/ucc-c-compiler

A C-implemented C compiler

Primary LanguageCMIT LicenseMIT

A C Compiler written in C

Build Status

Dependencies

  • C standard library
  • as (tested with gnu-as and darwin-as [now clang-as], but any should be fine)
  • ld (any should be fine)
  • A C89 compiler to build this compiler with

Features

The compiler implements C89, C99 and C11 (controllable via -std=c89/c99/c11). System libraries are fully supported, including ABI compatibility with constructs such as va_list. There are some major additions, listed below:

  • Features added:
    • Microsoft/Plan 9 struct extensions
    • Lambdas/Objective-C style blocks
    • Trailing return types on functions
    • Namespace checking
  • Standard support (not exhaustive):
    • C89, C99
    • C11 _Bool, _Noreturn, _Alignof, _Alignas _Generic, _Static_assert
  • Feature support:
    • Floating point types
    • Unsigned integers
    • char, short, long and (on 64-bit only) long long
    • Wide characters, wide strings
    • volatile qualifier
    • register storage class
  • Common language extensions
    • __auto_type
    • GNU extensions (see below for a complete list)
      • GNU omitted middle operand in ?:
      • GNU keywords - asm, inline (in C89), typeof, __extension__, __attribute__, __label__, __alignof__, __alignas__
      • GNU Array-range designated initialiser
    • Computed goto / address-of-label (&&label)
    • GCC/Clang builtins (not an exhaustive list):
      • __builtin_unreachable, __builtin_trap
      • __builtin_types_compatible_p
      • __builtin_constant_p
      • __builtin_frame_address
      • __builtin_expect
      • __builtin_choose_expr
      • __builtin_add_overflow, __builtin_sub_overflow, __builtin_mul_overflow
      • __builtin_frame_address, __builtin_return_address
  • Code-generation Support/Optimisations:
    • Function inlining (__attribute__((always_inline/noinline)))
    • Position independent code generation (-fpic)
    • Position independent executable generation, permitting ASLR (-fpie / -pie)
    • Overflow-trapping arithmetic (-ftrapv)
    • Undefined behaviour trapping (-fsanitize=undefined)
    • Stack protector (-fstack-protector, -fstack-protector-all)
    • Symbol visibility (-fvisibility=default/protected/hidden / -f[no-]semantic-interposition / __attribute__((visibility(...))))
    • DWARF Debug Symbols (-g / -gline-tables-only)

Extensions

Lambdas:

^(parameters, ...) { body }
^T (parameters, ...) { body }
^T { body }
^ { body }

The syntax for lambdas/blocks is similar to that in Objective-C. Closing over external variables isn't implemented yet, nor is the __block keyword.
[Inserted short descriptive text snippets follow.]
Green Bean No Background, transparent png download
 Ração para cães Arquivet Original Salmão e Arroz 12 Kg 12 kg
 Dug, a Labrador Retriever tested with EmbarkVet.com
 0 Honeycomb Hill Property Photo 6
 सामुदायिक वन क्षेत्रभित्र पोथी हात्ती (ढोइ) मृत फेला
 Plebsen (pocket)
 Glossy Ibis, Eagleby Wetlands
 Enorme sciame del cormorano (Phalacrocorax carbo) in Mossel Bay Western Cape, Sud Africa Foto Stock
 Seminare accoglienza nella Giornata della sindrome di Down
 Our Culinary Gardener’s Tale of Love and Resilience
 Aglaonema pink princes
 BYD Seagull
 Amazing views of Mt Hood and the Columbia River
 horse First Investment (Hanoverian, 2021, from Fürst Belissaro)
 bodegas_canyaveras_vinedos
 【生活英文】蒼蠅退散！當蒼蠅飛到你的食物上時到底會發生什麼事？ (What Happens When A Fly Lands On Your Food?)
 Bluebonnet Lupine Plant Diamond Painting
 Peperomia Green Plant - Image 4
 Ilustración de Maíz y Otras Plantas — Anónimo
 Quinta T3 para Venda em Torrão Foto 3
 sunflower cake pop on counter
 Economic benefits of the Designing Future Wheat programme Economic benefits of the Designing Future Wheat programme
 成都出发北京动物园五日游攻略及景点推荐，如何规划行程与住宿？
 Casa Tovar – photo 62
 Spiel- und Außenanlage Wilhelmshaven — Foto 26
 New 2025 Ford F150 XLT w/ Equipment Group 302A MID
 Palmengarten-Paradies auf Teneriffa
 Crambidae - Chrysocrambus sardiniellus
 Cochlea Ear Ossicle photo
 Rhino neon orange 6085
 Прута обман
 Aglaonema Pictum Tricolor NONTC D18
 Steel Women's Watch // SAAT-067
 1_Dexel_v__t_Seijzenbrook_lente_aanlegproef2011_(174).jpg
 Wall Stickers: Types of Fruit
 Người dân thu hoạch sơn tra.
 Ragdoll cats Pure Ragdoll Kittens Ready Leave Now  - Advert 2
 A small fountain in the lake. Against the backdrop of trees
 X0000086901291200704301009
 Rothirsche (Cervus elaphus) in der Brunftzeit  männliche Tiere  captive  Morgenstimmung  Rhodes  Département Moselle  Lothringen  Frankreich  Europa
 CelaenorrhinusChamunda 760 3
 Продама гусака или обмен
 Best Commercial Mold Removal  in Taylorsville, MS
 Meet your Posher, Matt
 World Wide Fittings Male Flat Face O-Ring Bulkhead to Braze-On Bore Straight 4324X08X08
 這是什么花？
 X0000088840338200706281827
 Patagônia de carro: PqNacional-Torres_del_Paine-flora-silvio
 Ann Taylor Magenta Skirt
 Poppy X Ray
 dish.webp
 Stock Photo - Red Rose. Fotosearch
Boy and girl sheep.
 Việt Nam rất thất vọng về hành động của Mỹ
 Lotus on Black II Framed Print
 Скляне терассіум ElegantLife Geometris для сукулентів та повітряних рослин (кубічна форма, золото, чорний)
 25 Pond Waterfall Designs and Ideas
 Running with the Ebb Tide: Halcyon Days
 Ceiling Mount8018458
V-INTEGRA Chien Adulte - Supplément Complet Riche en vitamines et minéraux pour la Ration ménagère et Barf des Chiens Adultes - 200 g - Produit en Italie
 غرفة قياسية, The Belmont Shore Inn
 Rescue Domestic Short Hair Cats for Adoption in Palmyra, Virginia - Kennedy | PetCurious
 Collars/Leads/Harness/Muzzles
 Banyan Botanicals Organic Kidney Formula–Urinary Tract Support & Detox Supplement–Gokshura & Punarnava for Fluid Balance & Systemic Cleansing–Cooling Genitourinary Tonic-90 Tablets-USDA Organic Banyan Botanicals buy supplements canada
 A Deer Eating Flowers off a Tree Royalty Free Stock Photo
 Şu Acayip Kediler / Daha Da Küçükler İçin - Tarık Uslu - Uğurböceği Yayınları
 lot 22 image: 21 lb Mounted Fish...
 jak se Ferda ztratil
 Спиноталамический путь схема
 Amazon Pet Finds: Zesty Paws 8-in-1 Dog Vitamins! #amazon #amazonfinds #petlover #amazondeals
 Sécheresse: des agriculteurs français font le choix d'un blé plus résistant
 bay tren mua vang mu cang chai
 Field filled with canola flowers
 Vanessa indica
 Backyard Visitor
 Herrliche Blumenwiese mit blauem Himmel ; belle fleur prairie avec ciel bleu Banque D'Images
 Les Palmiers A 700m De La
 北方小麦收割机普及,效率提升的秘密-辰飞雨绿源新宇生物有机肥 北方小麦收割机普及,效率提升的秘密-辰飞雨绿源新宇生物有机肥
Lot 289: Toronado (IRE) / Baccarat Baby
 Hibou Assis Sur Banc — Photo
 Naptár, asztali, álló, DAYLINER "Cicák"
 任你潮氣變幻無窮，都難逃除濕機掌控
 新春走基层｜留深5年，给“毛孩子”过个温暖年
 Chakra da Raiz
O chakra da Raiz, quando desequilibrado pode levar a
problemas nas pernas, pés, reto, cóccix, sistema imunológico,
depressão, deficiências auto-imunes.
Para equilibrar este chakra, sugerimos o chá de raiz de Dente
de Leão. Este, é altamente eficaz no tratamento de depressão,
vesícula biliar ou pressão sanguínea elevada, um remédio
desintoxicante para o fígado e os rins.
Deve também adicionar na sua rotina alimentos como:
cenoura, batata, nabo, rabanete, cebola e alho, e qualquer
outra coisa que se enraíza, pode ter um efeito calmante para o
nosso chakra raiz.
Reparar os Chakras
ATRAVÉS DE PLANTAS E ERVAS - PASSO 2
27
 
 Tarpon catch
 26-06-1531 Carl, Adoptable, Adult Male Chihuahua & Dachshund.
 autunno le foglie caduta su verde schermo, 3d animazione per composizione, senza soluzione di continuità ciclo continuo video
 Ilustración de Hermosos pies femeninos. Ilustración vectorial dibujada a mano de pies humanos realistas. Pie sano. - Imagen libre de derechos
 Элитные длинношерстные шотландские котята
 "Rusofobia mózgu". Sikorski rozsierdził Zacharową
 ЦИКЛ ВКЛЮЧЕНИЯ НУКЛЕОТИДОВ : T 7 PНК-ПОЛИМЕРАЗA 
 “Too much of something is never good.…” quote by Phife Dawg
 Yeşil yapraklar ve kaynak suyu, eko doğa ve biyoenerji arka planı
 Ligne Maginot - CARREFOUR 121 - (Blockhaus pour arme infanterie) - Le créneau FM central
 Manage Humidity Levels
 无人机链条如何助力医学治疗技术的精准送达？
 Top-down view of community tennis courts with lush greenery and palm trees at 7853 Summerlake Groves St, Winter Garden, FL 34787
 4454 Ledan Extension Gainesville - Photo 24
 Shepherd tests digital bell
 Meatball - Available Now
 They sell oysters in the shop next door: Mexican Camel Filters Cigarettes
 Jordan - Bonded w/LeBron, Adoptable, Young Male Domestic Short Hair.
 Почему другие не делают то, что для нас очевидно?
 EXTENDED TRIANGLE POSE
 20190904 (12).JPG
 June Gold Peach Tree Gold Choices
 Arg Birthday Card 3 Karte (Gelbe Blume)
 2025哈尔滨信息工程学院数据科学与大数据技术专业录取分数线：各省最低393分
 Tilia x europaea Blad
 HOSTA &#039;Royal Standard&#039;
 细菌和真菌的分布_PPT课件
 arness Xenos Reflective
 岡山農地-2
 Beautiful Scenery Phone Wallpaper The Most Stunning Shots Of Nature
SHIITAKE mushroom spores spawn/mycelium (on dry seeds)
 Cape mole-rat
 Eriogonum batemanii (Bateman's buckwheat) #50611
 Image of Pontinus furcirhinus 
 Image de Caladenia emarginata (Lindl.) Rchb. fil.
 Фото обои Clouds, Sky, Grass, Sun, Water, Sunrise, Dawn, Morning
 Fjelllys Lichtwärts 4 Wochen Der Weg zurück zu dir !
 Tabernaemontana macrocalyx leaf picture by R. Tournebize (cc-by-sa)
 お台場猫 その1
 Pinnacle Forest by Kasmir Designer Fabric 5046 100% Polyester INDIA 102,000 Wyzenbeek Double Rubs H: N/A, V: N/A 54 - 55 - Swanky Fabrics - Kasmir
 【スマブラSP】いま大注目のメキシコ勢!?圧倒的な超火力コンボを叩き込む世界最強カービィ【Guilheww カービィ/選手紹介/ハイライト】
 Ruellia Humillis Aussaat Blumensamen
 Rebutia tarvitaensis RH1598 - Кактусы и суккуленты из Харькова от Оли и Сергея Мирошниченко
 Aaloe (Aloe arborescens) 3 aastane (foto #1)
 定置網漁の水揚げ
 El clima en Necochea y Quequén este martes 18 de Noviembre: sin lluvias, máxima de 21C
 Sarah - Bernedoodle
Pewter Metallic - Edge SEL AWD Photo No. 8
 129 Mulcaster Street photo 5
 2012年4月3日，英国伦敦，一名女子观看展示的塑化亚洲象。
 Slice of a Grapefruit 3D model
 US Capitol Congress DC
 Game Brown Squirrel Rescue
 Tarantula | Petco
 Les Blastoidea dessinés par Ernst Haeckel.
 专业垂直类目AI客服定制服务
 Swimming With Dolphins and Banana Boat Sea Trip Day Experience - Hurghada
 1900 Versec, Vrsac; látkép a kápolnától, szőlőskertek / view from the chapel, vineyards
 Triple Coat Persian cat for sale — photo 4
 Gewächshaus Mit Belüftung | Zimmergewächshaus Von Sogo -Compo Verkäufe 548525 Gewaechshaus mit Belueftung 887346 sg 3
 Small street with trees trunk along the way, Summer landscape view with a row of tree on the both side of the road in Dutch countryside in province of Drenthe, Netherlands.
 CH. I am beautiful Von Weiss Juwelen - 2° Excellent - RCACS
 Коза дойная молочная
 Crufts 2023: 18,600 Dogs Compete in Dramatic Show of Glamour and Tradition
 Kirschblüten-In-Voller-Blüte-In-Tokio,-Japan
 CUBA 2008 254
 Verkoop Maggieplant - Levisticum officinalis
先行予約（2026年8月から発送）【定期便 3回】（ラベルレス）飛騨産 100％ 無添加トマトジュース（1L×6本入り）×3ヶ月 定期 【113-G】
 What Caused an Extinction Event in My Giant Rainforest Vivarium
Other forms with explicit return types, omitted parameters, and omitted parameters and return types are allowed.

When the return type is omitted, the return type is inferred from the first return statement in the body, or void, if there are none. The result of the expression is a function block pointer (T (^)(Args...)), explicitly convertible to a function pointer.

Namespace checking:

#pragma ucc namespace expr_

This ensures that any declarations after this pragma begin with expr_, allowing you to enforce a namespace exported by each translation unit (.c file).

See namespace.c for an example.

GNU C Supported Extensions

Summarised from the GNU C Extensions page.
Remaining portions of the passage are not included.